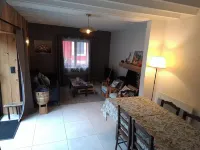 Vacation home with garden Hotels in Beaudéan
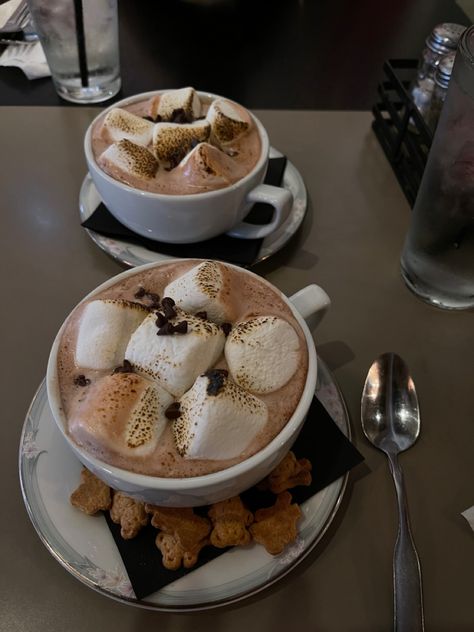 Hot chocolate with marshmallows and gingerbread bears Essen, Hot Chocolate And Cookies Aesthetic, Hot Cocoa Aesthetic, Aesthetic Hot Chocolate, Hot Chocolate Aesthetic, Local Bookstore, Chocolate Aesthetic, Autumn Core, Hot Cocoa Recipe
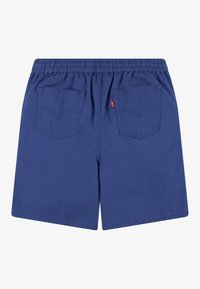 Blaue Shorts mit elastischem Bund, zwei Gesäßtaschen und einem kleinen roten Levi's-Tag an der rechten Tasche.
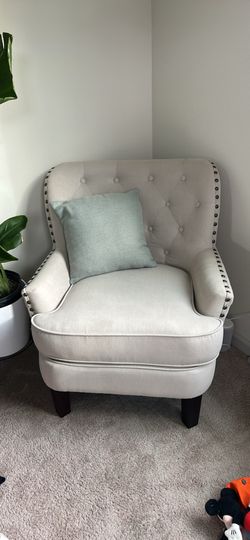 Tufted Wingback Accent Chair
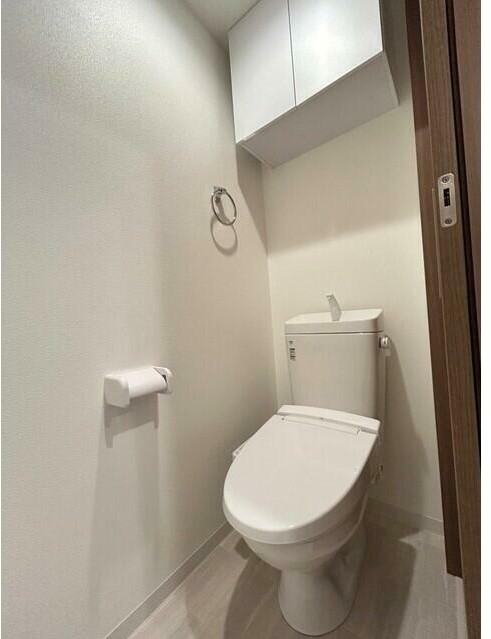 トイレ　落ち着いた色調のトイレです♪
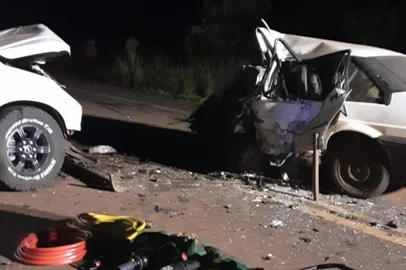Homem morre em colisão frontal entre carro e caminhonete na BR-392, em Roque Gonzales<!-- NICAID(16287245) -->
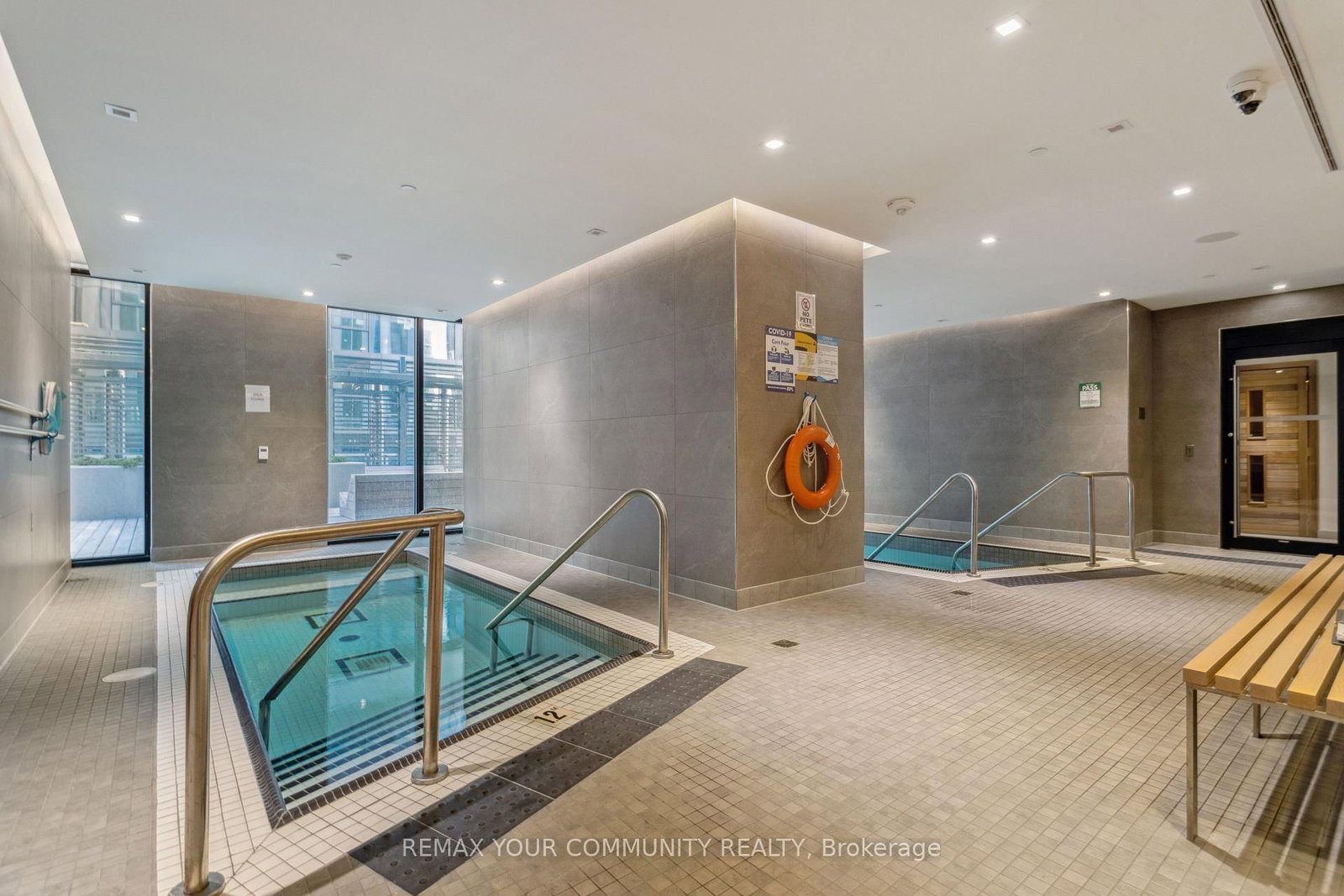 1 Yorkville Avenue • #5405 • Toronto, ON photo 37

● Task requirements: Exclude the images and reproduce the remaining data exactly.

● Task response:
 Vacation home with garden Hotels in Beaudéan
 Hot chocolate with marshmallows and gingerbread bears Essen, Hot Chocolate And Cookies Aesthetic, Hot Cocoa Aesthetic, Aesthetic Hot Chocolate, Hot Chocolate Aesthetic, Local Bookstore, Chocolate Aesthetic, Autumn Core, Hot Cocoa Recipe
 Blaue Shorts mit elastischem Bund, zwei Gesäßtaschen und einem kleinen roten Levi's-Tag an der rechten Tasche.
 Tufted Wingback Accent Chair
 トイレ　落ち着いた色調のトイレです♪
Homem morre em colisão frontal entre carro e caminhonete na BR-392, em Roque Gonzales<!-- NICAID(16287245) -->
 1 Yorkville Avenue • #5405 • Toronto, ON photo 37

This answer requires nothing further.